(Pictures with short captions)
*** Begin section ***

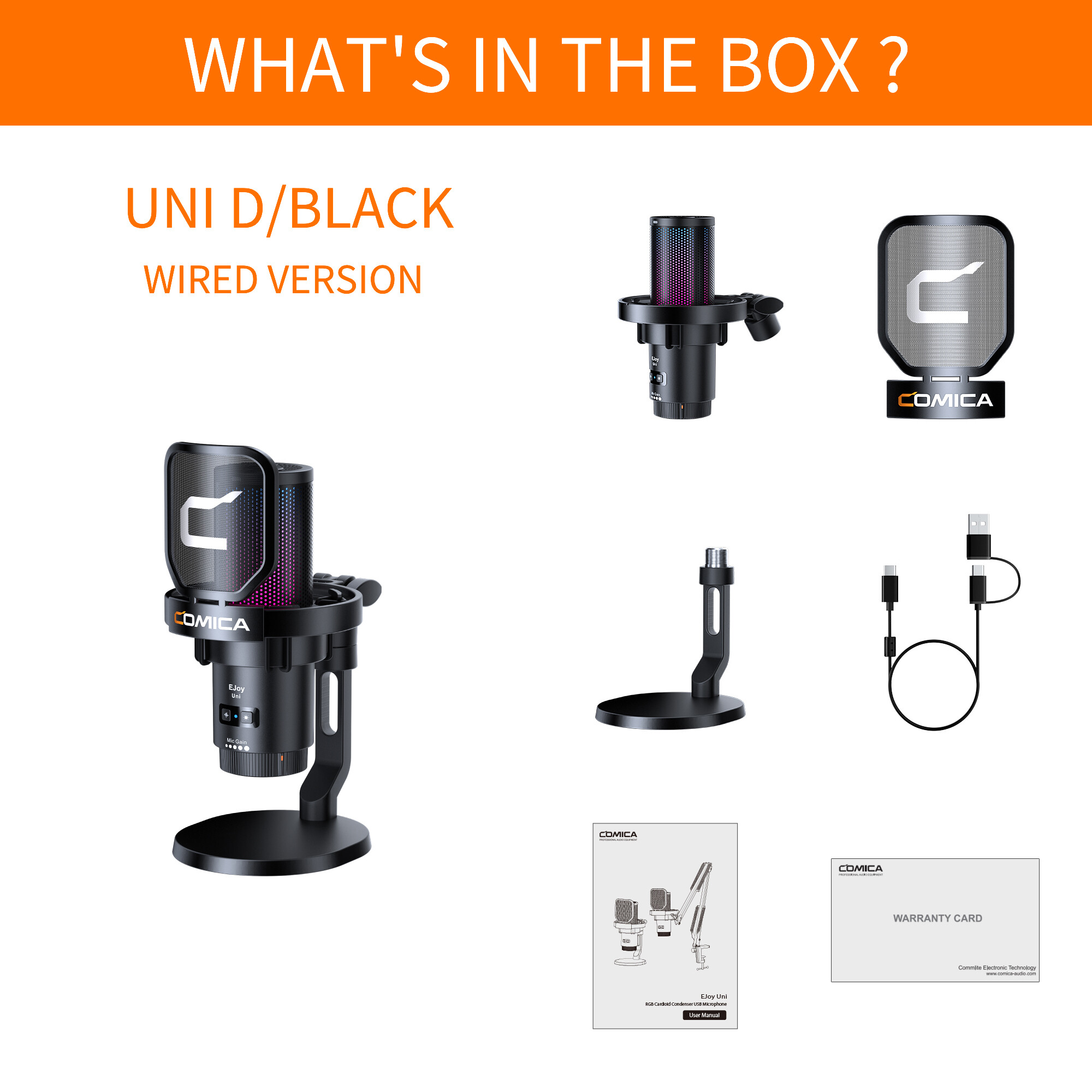 Comica Ejoy Uni Pro USB không dây Microphone với USB C receiver RGB micrô điện dung cho PC/máy tính/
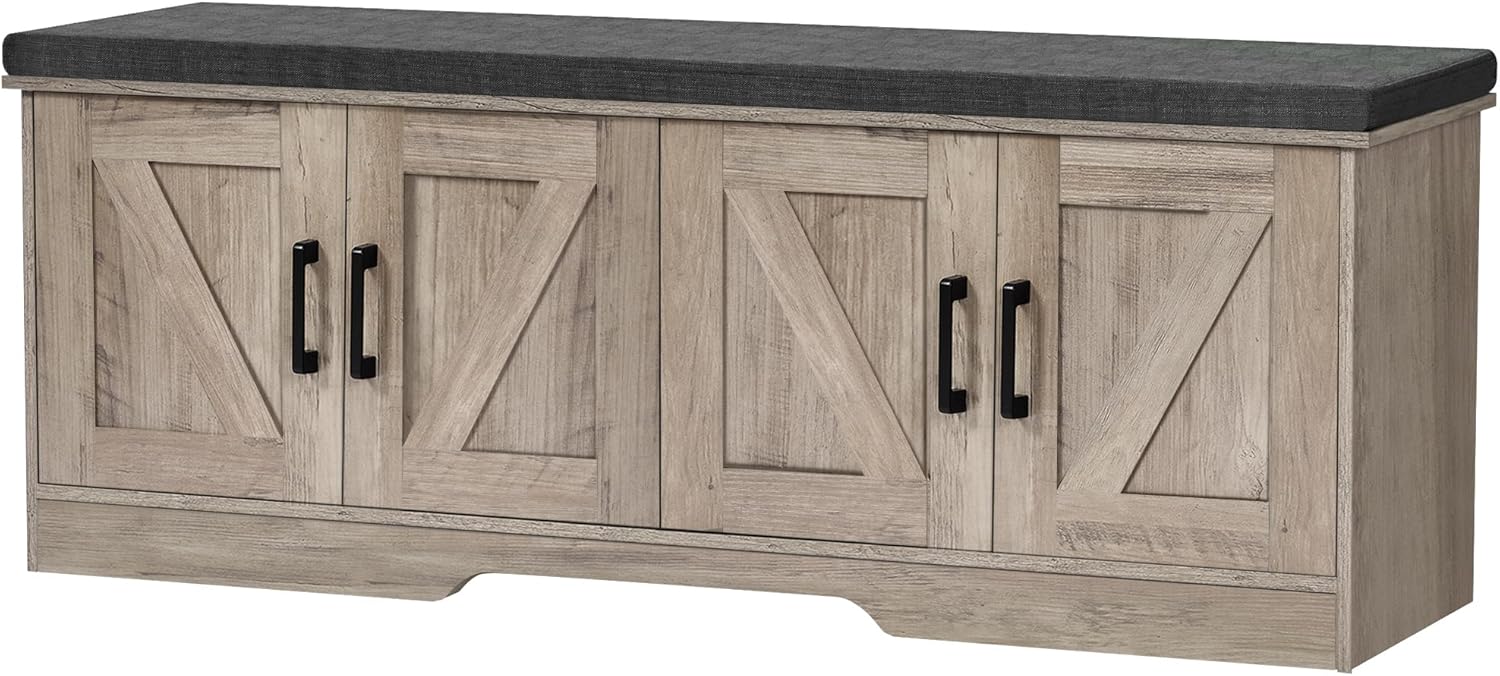 2-Tier Storage Bench, 39.4" Wide Shoe Bench with Padded Seat Cushion, Entryway Bench with 2 Barn Doors and Adjustable Shelf, Blue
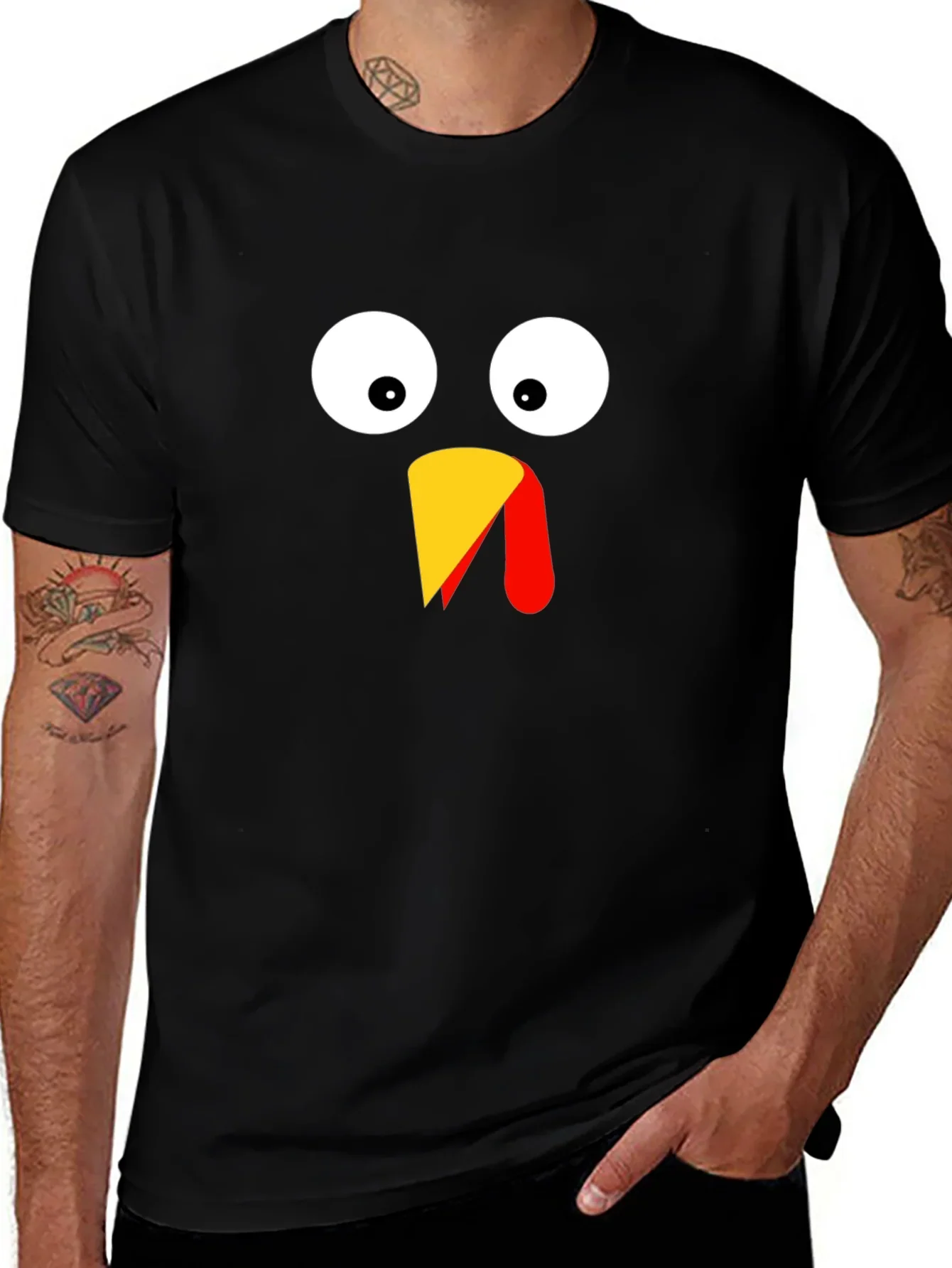 Funny Thanksgiving Turkey Face T-Shirt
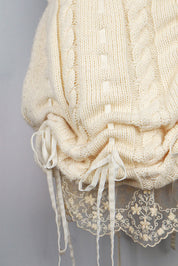 Gianni Versace Istante Cream Knit Bubble Skirt with Lace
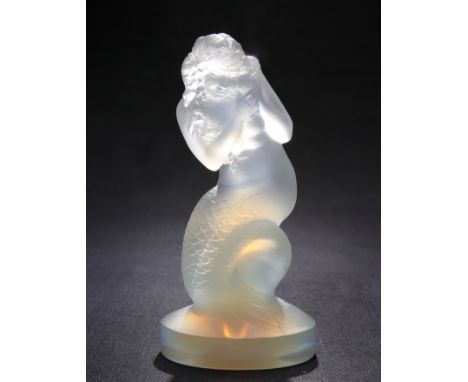 RENÉ LALIQUE (FRENCH, 1860-1945)A 'NAIADE' CAR MASCOT, DESIGNED IN 1920, clear glass, frosted and polished, engraved no. 832,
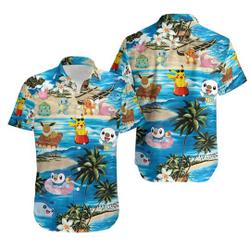 PKM Hawaii Shirt, Bulbasaur Charmander Button Up Pika Summer Vacation Beach Family Shirt Gift For Your Girlfriend Boyfriend Gift For Love Gift For Friend Best Valentine Present Holiday Gift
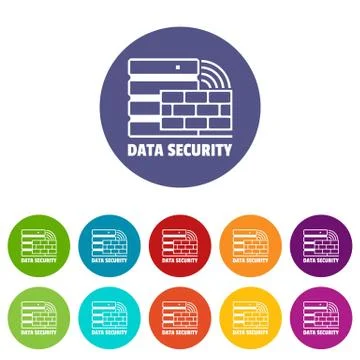 Data security icons set color Stock Illustration
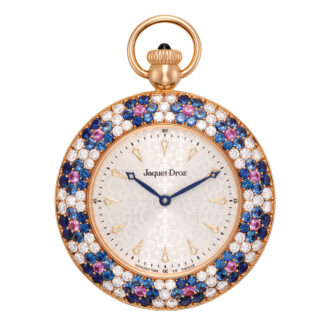 Swiss 18 carat gold, diamond, sapphire and pink sapphire-set open faced limited edition keyless lever watch, circa 2000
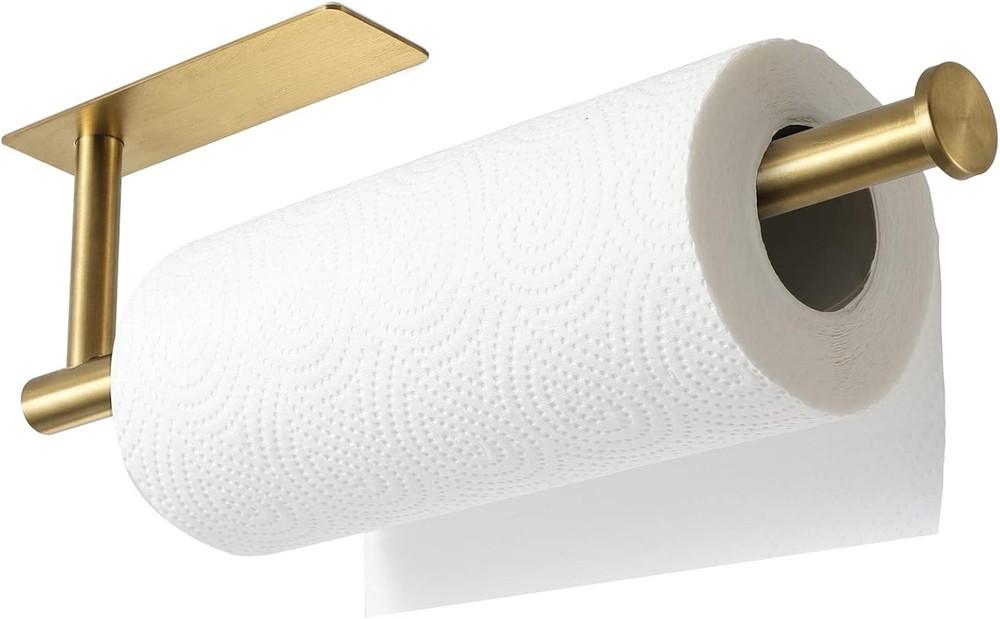 theaoo Paper Towel Holder – Under Cabinet Paper Towel Holder SATIN BRASS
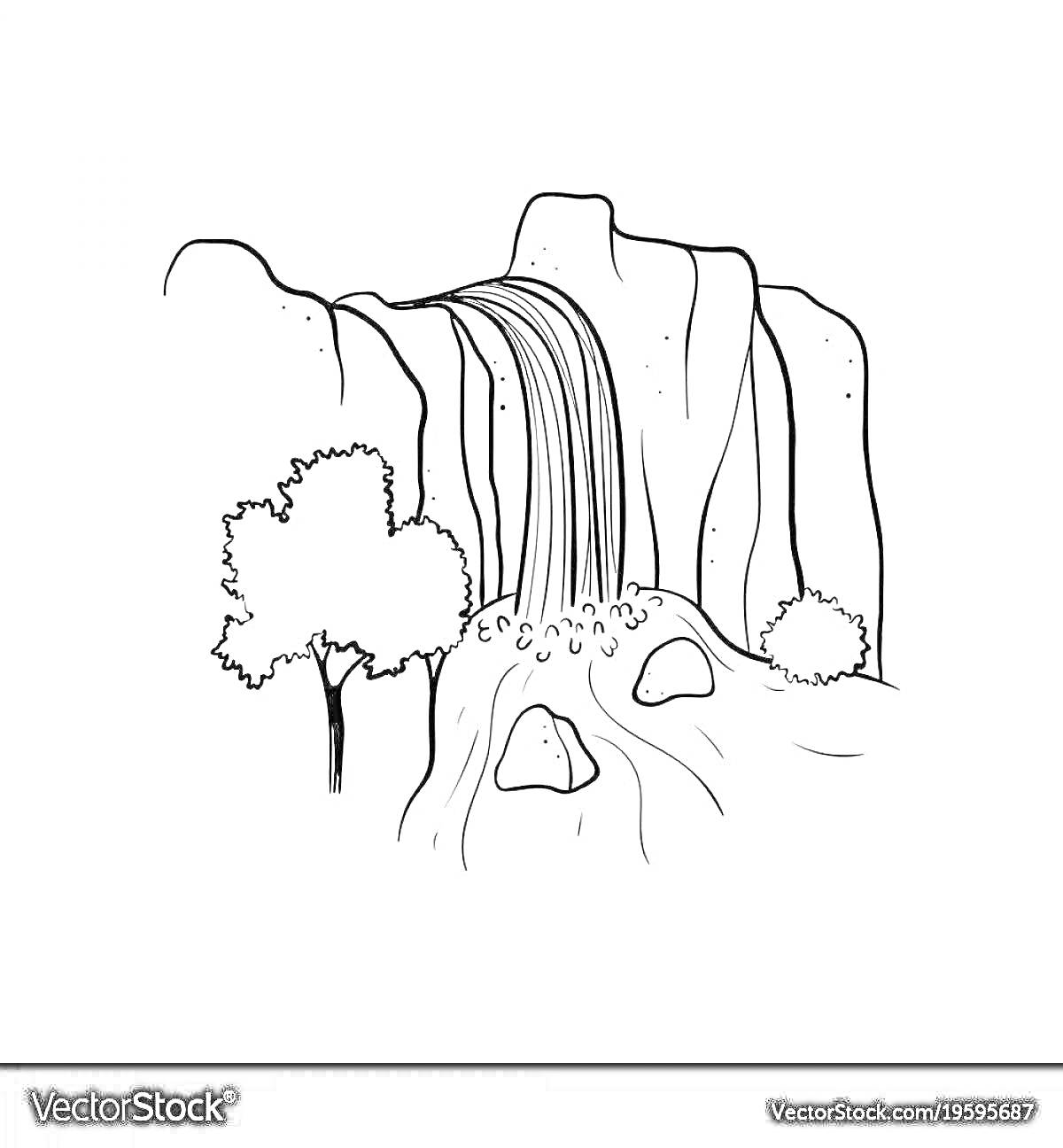На раскраске изображено: Водопад, Природа, Деревья, Камни, Для детей, Река, Скалы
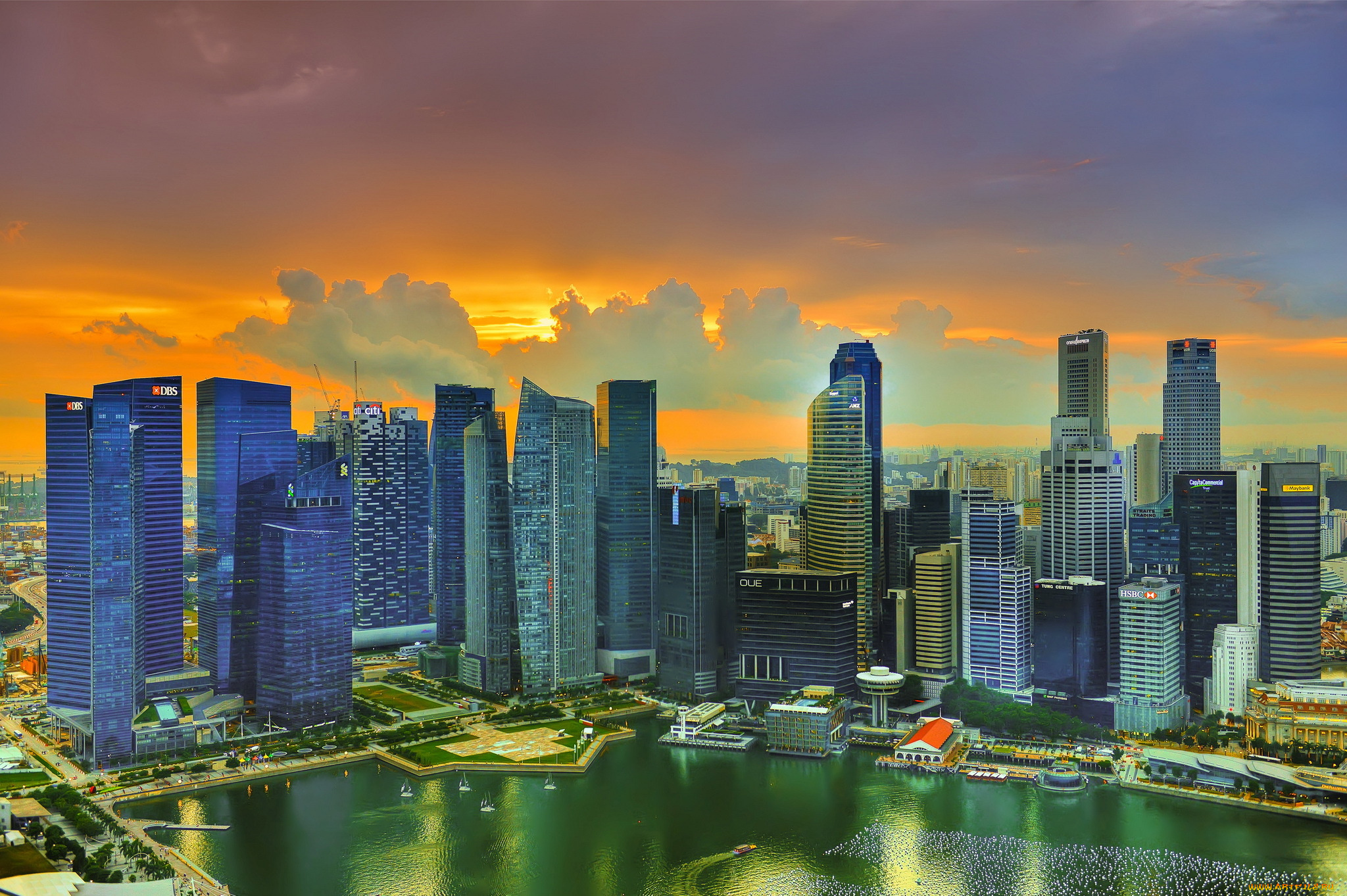 города, сингапур, закат, солнце, облака, небоскребы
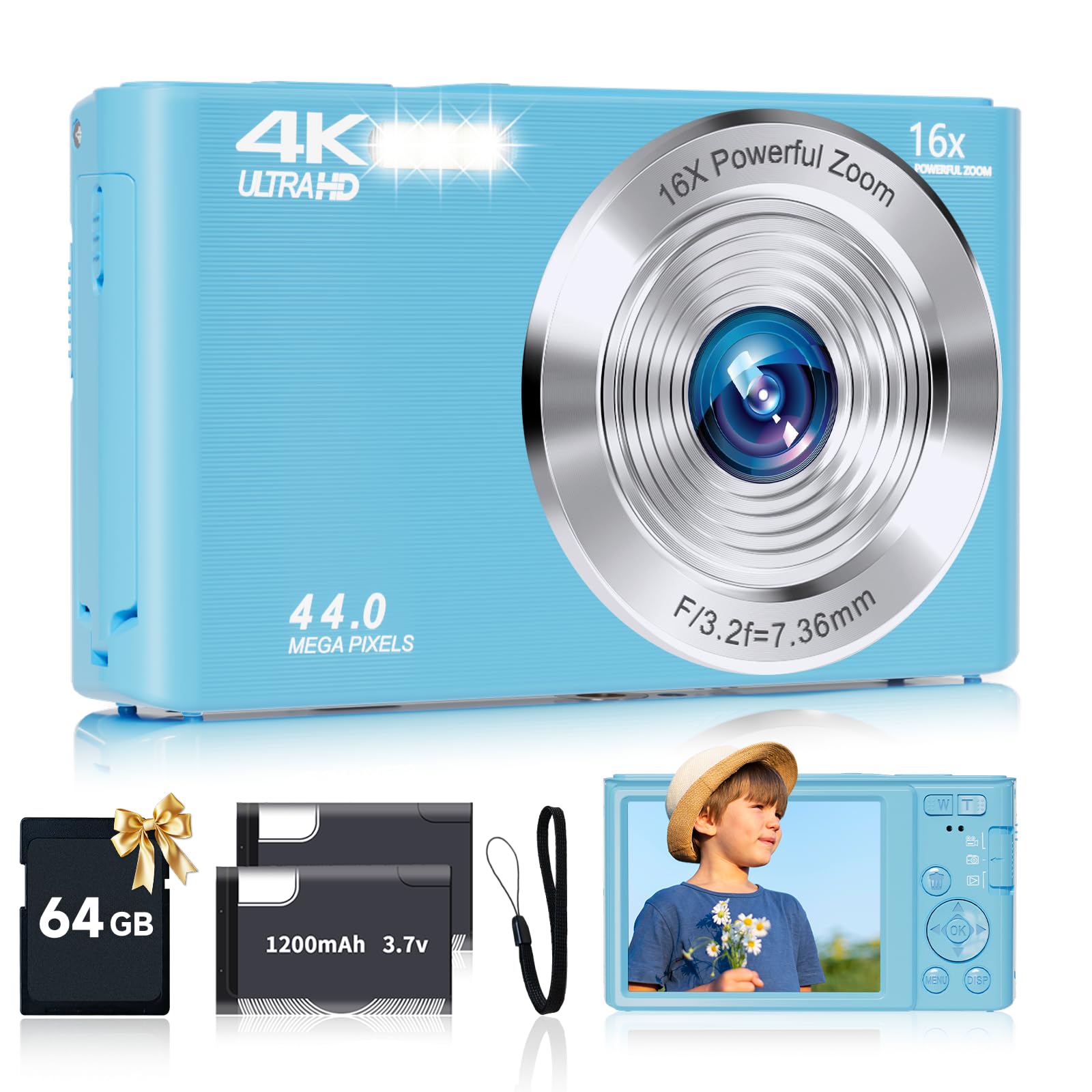 Digital Camera for Teens, FHD 4K 44MP with 64GB SD Card, 16X Digital Zoom, Compact Point Shoot Camera Blue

*** End section ***

§ PROBLEM TO SOLVE
Where pictures sit among the data above, omit them, and output the rest exactly.

§ SOLUTION FOR THIS EXERCISE
 Comica Ejoy Uni Pro USB không dây Microphone với USB C receiver RGB micrô điện dung cho PC/máy tính/
 2-Tier Storage Bench, 39.4" Wide Shoe Bench with Padded Seat Cushion, Entryway Bench with 2 Barn Doors and Adjustable Shelf, Blue
 Funny Thanksgiving Turkey Face T-Shirt
 Gianni Versace Istante Cream Knit Bubble Skirt with Lace
 RENÉ LALIQUE (FRENCH, 1860-1945)A 'NAIADE' CAR MASCOT, DESIGNED IN 1920, clear glass, frosted and polished, engraved no. 832,
 PKM Hawaii Shirt, Bulbasaur Charmander Button Up Pika Summer Vacation Beach Family Shirt Gift For Your Girlfriend Boyfriend Gift For Love Gift For Friend Best Valentine Present Holiday Gift
 Data security icons set color Stock Illustration
 Swiss 18 carat gold, diamond, sapphire and pink sapphire-set open faced limited edition keyless lever watch, circa 2000
 theaoo Paper Towel Holder – Under Cabinet Paper Towel Holder SATIN BRASS
На раскраске изображено: Водопад, Природа, Деревья, Камни, Для детей, Река, Скалы
 города, сингапур, закат, солнце, облака, небоскребы
 Digital Camera for Teens, FHD 4K 44MP with 64GB SD Card, 16X Digital Zoom, Compact Point Shoot Camera Blue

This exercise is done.